Despite everything 2020 has thrown at us, the prime housing market has proved that it is as resilient as ever, says Penny Churchill.
Rupert Sweeting of Knight Frank sums up an extraordinary year in the country-house market in a few well-chosen words: ‘Following the Conservative victory in the 2019 General Election, the market was flying in the first couple of months of 2020.
‘Then came the pandemic and the first national lockdown and, by the end of April, we were all thinking “this is not looking good”. However, the lifting of restrictions in June saw the market take off and we’ve been going full tilt ever since.’
It’s been 12 years since the financial crash that saw prices stall and supply contract at the upper end of the country-house market, with property pundits predicting the death knell of the English country house. Yet a trawl through the list of high-value country houses and estates sold in 2020 reveals a striking proportion of trophy properties purchased by high-flying international buyers from across the globe. In a world riddled with uncertainty, it appears that high-net-worth buyers believe that investing in the English countryside is still a safe way to go.
The sheer beauty of the landscape, allied to a successful commercial farming enterprise, proved irresistible to the European family who bought the scenic, 1,408-acre Ogbourne Down estate near Marlborough, Wiltshire, in September, following its launch onto the market in July at a guide price of £15 million through Knight Frank.
Despite having no grand historic house at its heart, the location of the rolling downland estate within the historic North Wessex Downs AONB made the purchase a ‘no-brainer’ for a country-loving family determined to own and enjoy their own substantial slice of rural England.
In Hampshire, where, in 2019, a surprising lack of top-notch houses meant that most open-market activity was confined to the middle-range £2m–£5m price bracket, Knight Frank recorded the quick-fire sale of some of the county’s most enviable country houses. In addition to Meonstoke House, launched in June and sold in August at a guide price of £9m, the enchanting, Grade II*-listed North Hall at Preston Candover (pictured at the top of the page), nine miles from Basingstoke, was sold in July to an international buyer based in London, following its launch onto the market at a guide price of £6.5m in May.

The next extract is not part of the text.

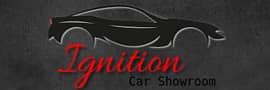 Ignition Cars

Crispin Holborow of Savills loves it when a plan comes together, as it did on many occasions in 2020. One of the most successful estate sales of the year was that of the elegant, 235-acre Ashe Park estate near Steventon in affluent north Hampshire, a village best-known as the birthplace of Jane Austen, who was a regular visitor to Ashe Park in the 1790s.
Launched on the open market in September at a guide price of ‘excess £18.5m’, the historic estate sold a month later for more than the guide price.
In the 18th and early 19th centuries Ashe Park was owned by the Portal family, who extended and remodelled the main house between 1862 and 1888. In the 1920s and early 1930s, its next owner, Col Sir John Humphery, spent a fortune on further improvements, and sold the estate six years later, when an advertisement in Country Life revealed it as having ‘1,663 acres of land, including a stretch of fishing on the Test, excellent shooting and a house with every modern convenience, in a secluded position in a well-timbered park’.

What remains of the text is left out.